Thursday, February 14, 2008

Gone Fishing

The next couple weeks are very full with some workshops, so I won't have time to post as much as I have been. This coming week especially I probably won't be posting. Check back at the end of next week.

Having said that, one FYI and one more post.

The FYI: People have been asking me when we're doing our long retreat. I must say, I sense a certain impatience, as in, Lord, you've been there a month. When are you guys going to get down to business? It's a fair question. Our retreat will begin March 13 and go until April 13. We'll be out of Sydney at a place called Sevenhill, in the southern central part of the state (pretty near Adelaide on the southern shore). It's the place where Australians used to do their entire tertianship, so it's got a lot of history and makes for a neat connection with the older men of the Australian province. I'll provide more information about it as it gets closer, but yes, it really is a 30 day silent retreat!

The post:
I've been here a month and really not said too much about Australia itself. Not that I haven't wanted to. I actually have a list a mile long of interesting things I've wanted to share. (Like, how about this: the Australian Parliament began its session Wednesday by together reciting the Our Father. How's that for different than the US?)

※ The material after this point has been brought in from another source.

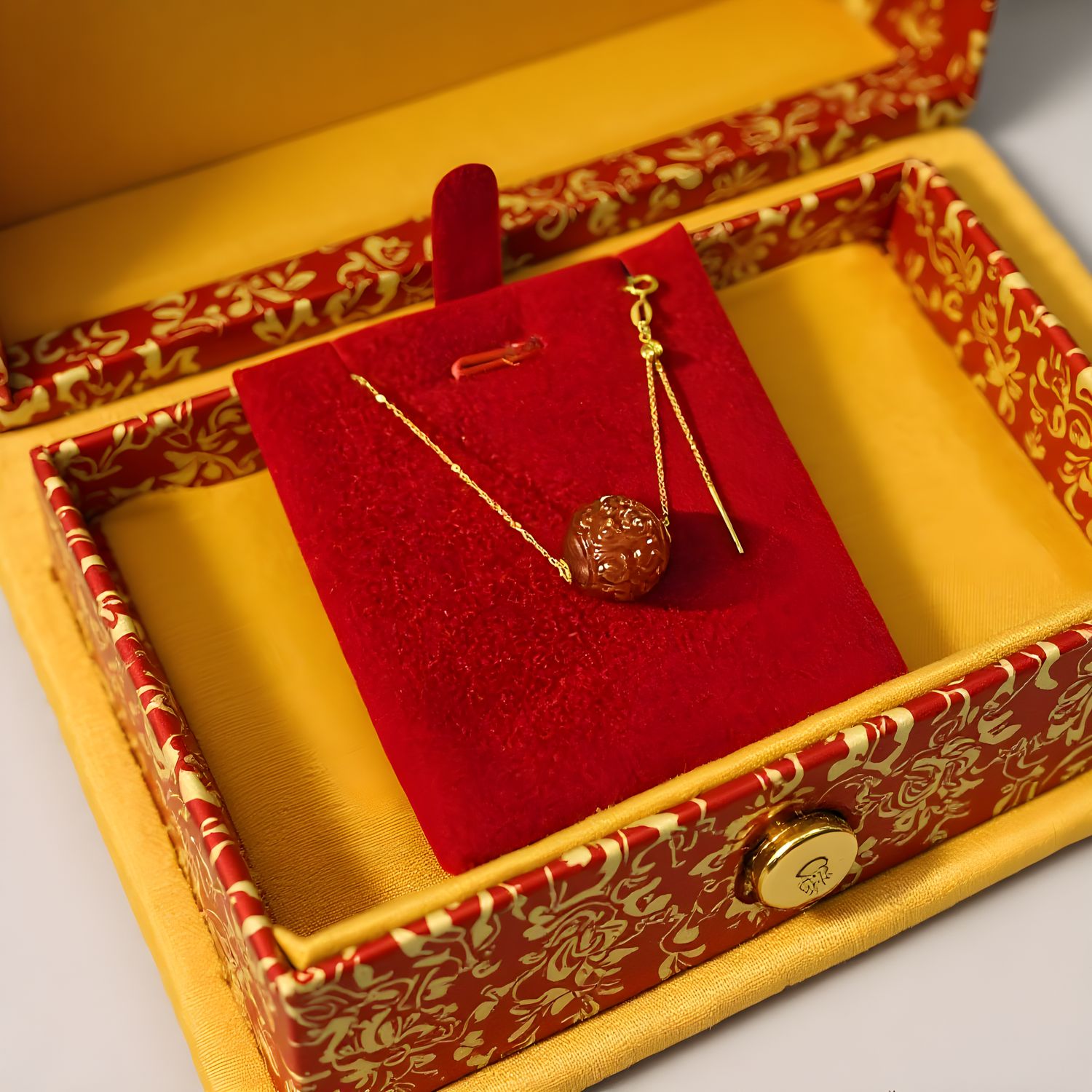 Natural Carnelian Lucky Turn Necklace - 18K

(Or this: in Australia, the smaller monetary amounts are in coins: 5 cents, 10 cents, 20 cents, 50 cents, one dollar and two dollars. And what's fascinating to me is, the dollar and two dollar coins are each smaller than the cent coins. 5, 10, 20, 50 each gets bigger than the last, then the one dollar is small again, but thicker, and the two dollar coin smaller still, but thick, too.)

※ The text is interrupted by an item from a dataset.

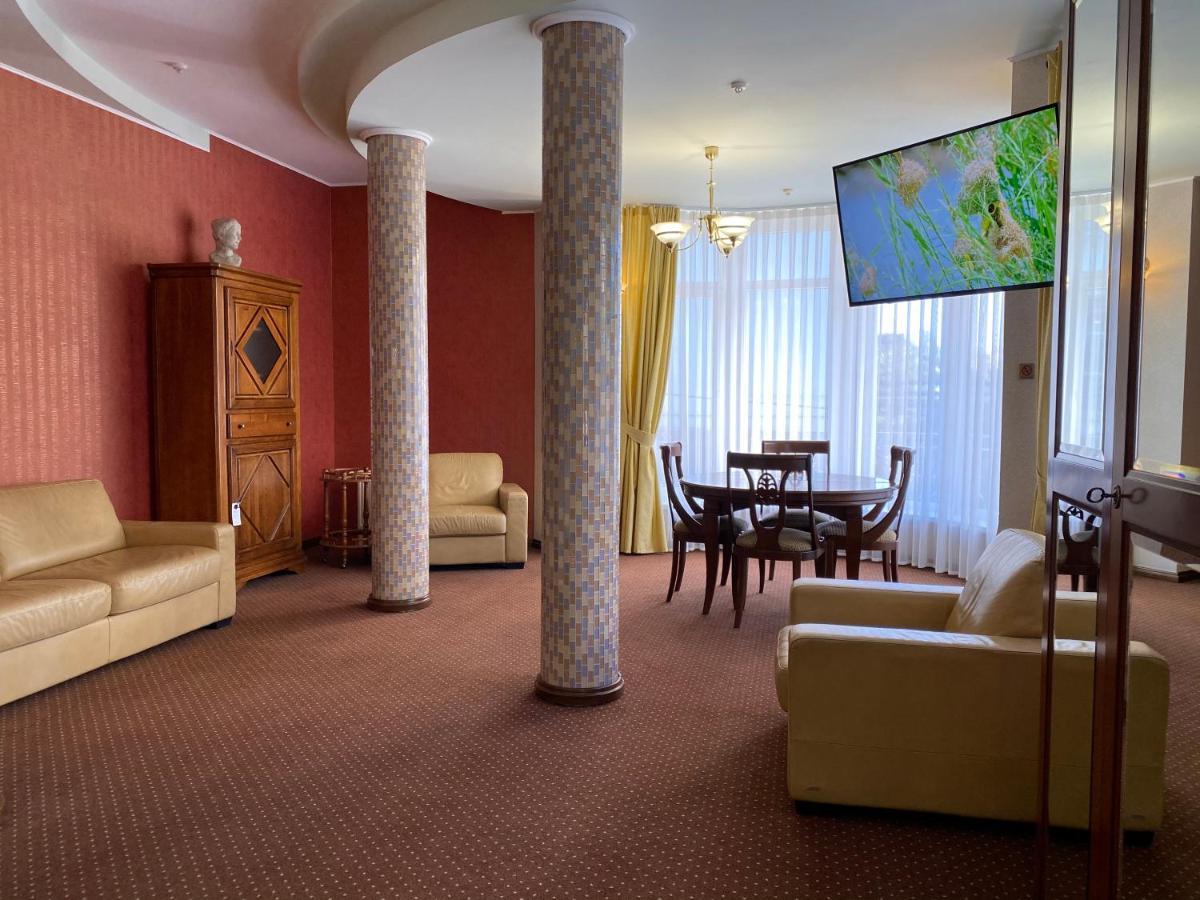 Diligence Hotel Herson Dış mekan fotoğraf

But anecdotes aside, I just wanted to tell you a little bit about what I've learned about the country itself. (Most of which I got from a great book about every part of Australia called In A Sunburned Country by Bill Bryson. I highly recommend it; I will be stealing stories from it regularly. Thanks to Aunt Kathleen and Uncle Stan for giving it to me at Christmas.)

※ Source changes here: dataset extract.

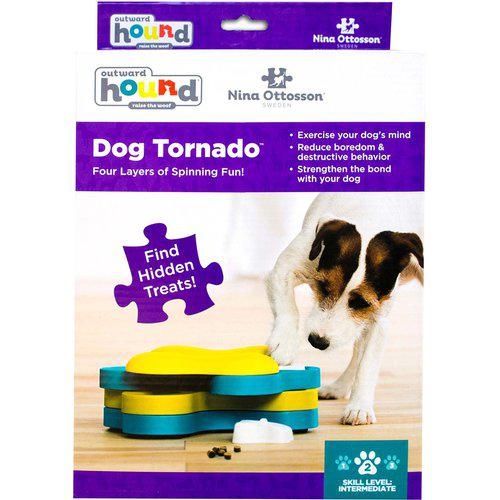  Nina Ottoson Dog Tornado i plast er en interaktiv og gøyal aktivitetsleke til hund.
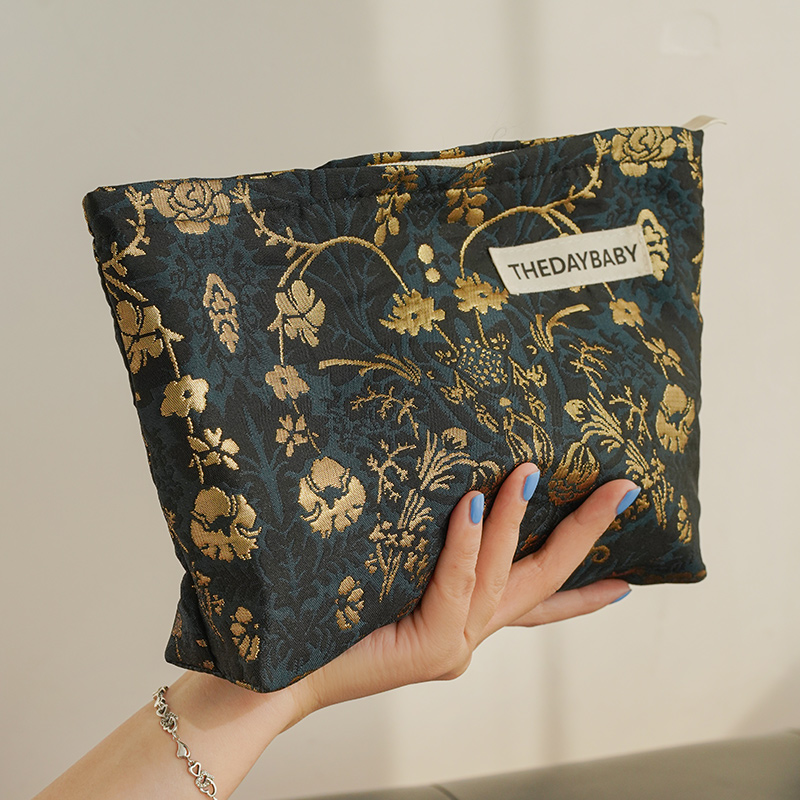 Cosmetic bag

Australia consists of six states and two territories that function similarly to the District of Columbia. In the South East there's New South Wales (that's where Sydney is); Victoria is farther south still -- that's where Melbourne is, which is almost the same size as Sydney (about 3.5 mil). West of there is South Australia; farther west still is the massive area known as Western Australia. I'd say it's about one third of the country in size. (And given that the country is about the same size as the continental U.S., that's a huge honking tract of land.) Perth is the main city in South Australia; a lot of the rest is desert. One of the guys here was talking about how Perth is so vastly separate from most of the rest of the "civilized" country -- most of which occurs along the southeast shore (some call it the Boomerang Coast) -- that there was talk among some at one point of it seceding from the rest of Australia.


Anyway, east of Western Australia, to the north of South Australia, is the Northern Territory. It has an area of 523,000 square miles, about 20% of the whole of the continent. And in 1998 the citizens received the option of becoming Australia's seventh state. They refused. Apparently they enjoy the status they have. From what Bryson writes, the far north is quite tropical, lush. The big city is a place called Darwin (also called the "Top End"). I don't know how exactly it got that name, and the chances of me seeing it are quite low, but I love it just because it has that name Darwin. It's a great name for a town. The kind of place I'd expect to see all kinds of interesting creatures.

To the east of the Northern Territory is Queensland. And by the way, don't ask me why the one is called the Northern Territory and the other is called South (instead of Southern) Australia. Or why they never came up with names like Victoria or Queensland. Like Bob would be nice. Sort of goes with Victoria. Hello, this is Bob, and this is Victoria.

Anyway, east of NT is Queensland. The Great Barrier Reef is there -- I just read that it's equivalent in length to the entire west coast of the United States. Somewhere between 280000 and 344000 square kilometers. Also about a million different species of fish and aquatic life, many of which can kill you, or make you wish you were dead. (There are actually critters living in cone shells -- sea shells lying on the sand, we're talking about here -- that will poison you if you pick them up. There's a jellyfish called the box jellyfish that's the most deadly creature on earth. Though it lives only on tiny shrimp, and is only 6-8 inches long, its tentacles are each instant death for humans.

Don't let that put you off, though. They say the Reef is beautiful.)



The last state of Australia is Tasmania, which is little island on the southern end, south of Melbourne. On the right, a real Tasmanian devil.

From what I gather, this real Tasmanian devil does not spin at all. The Looney Toons of my youth were filled with lies. I feel totally cheated.




Darn thing looks more like a pig than a devil.




The last territory is the ACT -- Australian Capitol Territory. It's the District of Columbia of Australia, the land surrouding the capitol city of Canberra.

There's so much more to tell you, but for now it'll have to wait. Go read Bill Bryson's book, and I'll see you in a couple weeks with stories of Arthur Phillips, James Cook, Uluru and the great possibility that if you never hear from me again it's because I have been eaten by a saltwater crocodile.